Johnny is joined by Marty Schoch, creator of the full-text search and indexing engine Bleve, to talk about the art and science of building capable search tools in Go. You get a mix of deep technical considerations as well as some of the challenges around running a popular open source project.
Marty Schoch: [23:46] Sure. That aspect of full-text search relates to what we call the scoring of the results. Once we determine that a particular document matches your search, then the question is “How do we score it and ultimately rank it, so that we can compare it with the other documents that matched?” And our goal is to show you what we perceived to be the highest-ranking or most relevant documents for what you search for.
The model that Bleve uses, which is the library that I’ve worked on the most, uses a model called tf-idf. The tf stands for term frequency. The way to think about that is in one of the documents that we’ve found, how often did that term occur? You search for “johnny”, and if the word johnny occurred five times in the document, that’s gonna be more relevant than another document where it only occurred once. So that’s one component to it.
The other part of it was called idf, which stands for inverse document frequency. The idea here is if every document in the dataset contained the term “johnny”, what we can conclude is it’s just not a very useful term for search.
For example, if I indexed – let’s say you have PDF scans of all of your bills, and they’re all addressed to you, they’re all gonna match “johnny”, so just searching for the word “johnny” doesn’t help us discriminate one document from another, because it occurs in all of them. So what we do is we sort of penalize terms where they occur in a large segment on the population, because it’s not contributing to the score being high.
Now, that’s why if you go back to the process you described, when you run a search, users are sort of conditioned “Okay, I’m gonna run my search, though that’s not quite what I’m looking for… Let me change this term from this word to this other similar word”, and what you’re doing is you’re actually sort of gaming the system to try and – by adding or removing words, what you’re trying to do is help the computer understand what’s relevant to what you’re looking for. In this case, it’s a human being trying to tweak the inputs to get the computer to do what you want, which is to find that thing that you happen to be looking for.

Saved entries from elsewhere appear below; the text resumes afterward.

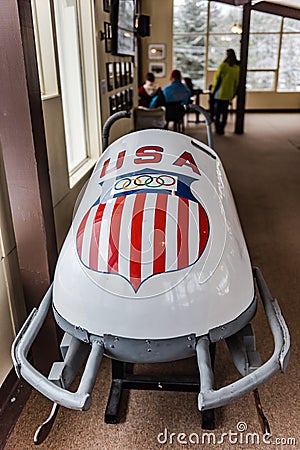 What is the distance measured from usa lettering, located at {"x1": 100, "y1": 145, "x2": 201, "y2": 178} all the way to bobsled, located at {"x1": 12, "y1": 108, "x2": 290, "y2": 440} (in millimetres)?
77

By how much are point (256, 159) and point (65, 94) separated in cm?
387

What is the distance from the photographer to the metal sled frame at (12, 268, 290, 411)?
1.11m

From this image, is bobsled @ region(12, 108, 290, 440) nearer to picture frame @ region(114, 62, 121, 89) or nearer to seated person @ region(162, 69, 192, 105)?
picture frame @ region(114, 62, 121, 89)

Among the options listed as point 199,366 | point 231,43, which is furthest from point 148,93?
point 199,366

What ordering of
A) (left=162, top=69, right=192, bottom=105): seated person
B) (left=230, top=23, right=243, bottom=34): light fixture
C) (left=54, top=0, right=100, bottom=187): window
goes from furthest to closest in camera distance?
(left=230, top=23, right=243, bottom=34): light fixture, (left=162, top=69, right=192, bottom=105): seated person, (left=54, top=0, right=100, bottom=187): window

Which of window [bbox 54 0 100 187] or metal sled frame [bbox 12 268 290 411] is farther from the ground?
window [bbox 54 0 100 187]

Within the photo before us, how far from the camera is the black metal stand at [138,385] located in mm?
1703

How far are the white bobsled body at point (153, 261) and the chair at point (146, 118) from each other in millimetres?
4761

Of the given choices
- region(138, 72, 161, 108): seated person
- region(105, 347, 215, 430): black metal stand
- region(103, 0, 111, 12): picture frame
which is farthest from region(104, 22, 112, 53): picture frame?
region(138, 72, 161, 108): seated person

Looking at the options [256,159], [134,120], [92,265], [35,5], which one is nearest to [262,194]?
[256,159]

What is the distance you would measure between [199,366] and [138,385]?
674 millimetres

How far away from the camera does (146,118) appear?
6.20 meters

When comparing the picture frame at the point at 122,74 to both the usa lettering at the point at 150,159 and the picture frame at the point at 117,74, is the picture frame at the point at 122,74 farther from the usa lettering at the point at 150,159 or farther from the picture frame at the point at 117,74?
the usa lettering at the point at 150,159

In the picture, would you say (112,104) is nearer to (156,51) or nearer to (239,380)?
(239,380) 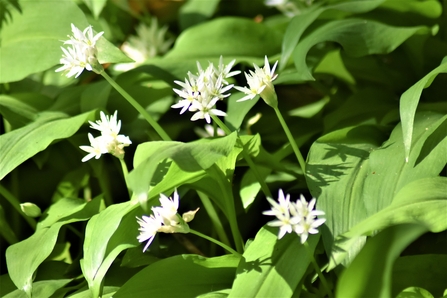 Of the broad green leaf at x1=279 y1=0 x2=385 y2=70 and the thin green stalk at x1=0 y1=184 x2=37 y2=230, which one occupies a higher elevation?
the broad green leaf at x1=279 y1=0 x2=385 y2=70

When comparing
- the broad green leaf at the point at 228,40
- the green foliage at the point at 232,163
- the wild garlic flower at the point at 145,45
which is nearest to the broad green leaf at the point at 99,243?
the green foliage at the point at 232,163

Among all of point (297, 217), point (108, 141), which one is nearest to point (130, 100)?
point (108, 141)

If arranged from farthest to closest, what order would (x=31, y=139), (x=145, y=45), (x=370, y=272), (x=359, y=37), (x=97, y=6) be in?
(x=145, y=45) → (x=97, y=6) → (x=359, y=37) → (x=31, y=139) → (x=370, y=272)

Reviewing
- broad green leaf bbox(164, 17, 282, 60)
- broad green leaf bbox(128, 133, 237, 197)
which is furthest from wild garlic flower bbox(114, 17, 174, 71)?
broad green leaf bbox(128, 133, 237, 197)

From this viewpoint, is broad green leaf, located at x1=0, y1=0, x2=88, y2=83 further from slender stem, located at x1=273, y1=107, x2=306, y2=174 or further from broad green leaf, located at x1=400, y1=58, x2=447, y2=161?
broad green leaf, located at x1=400, y1=58, x2=447, y2=161

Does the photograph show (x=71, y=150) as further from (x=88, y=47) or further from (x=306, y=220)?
(x=306, y=220)

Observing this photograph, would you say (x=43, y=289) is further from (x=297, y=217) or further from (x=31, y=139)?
(x=297, y=217)

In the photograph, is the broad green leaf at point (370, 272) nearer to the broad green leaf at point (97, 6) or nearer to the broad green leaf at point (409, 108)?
the broad green leaf at point (409, 108) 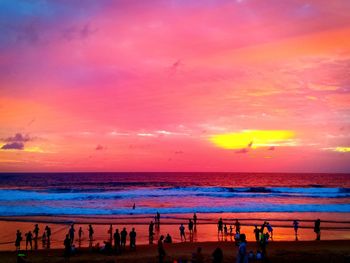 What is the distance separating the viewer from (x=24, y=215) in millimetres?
43188

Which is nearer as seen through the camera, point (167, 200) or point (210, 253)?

In more advanced systems, that’s where you try and understand what the user wants. A good example I always come back to - I used to use a library called Selenium; it was an end-to-end testing framework, I think… Or an automated testing framework. So when I would go to Google and I would type in Selenium, Google figured out that “Okay, he means the testing framework, not the metal or the medication or whatever else the word selenium could mean to someone else, in a completely different context.”
So in more advanced search systems, what you’re actually trying to do is go beyond just the textual analysis, but you’re gonna sort of like learn and have some deeper sense of the words. That gets beyond what Bleve can do out of the box, but it’s important to understand, that’s really the game you’re playing. The computer doesn’t understand the terms, doesn’t understand that that same term might mean two different things in a different context, but you’re sort of – by adding additional terms, you’re providing clarity.
If I search for “selenium test framework”, then even Bleve is gonna figure out “Okay, he means the testing framework.” Because what you’ll find is the documents that happen to use all three of those terms and then get boosted appropriately are gonna be the ones that match, and in my case would be the ones I’m looking for.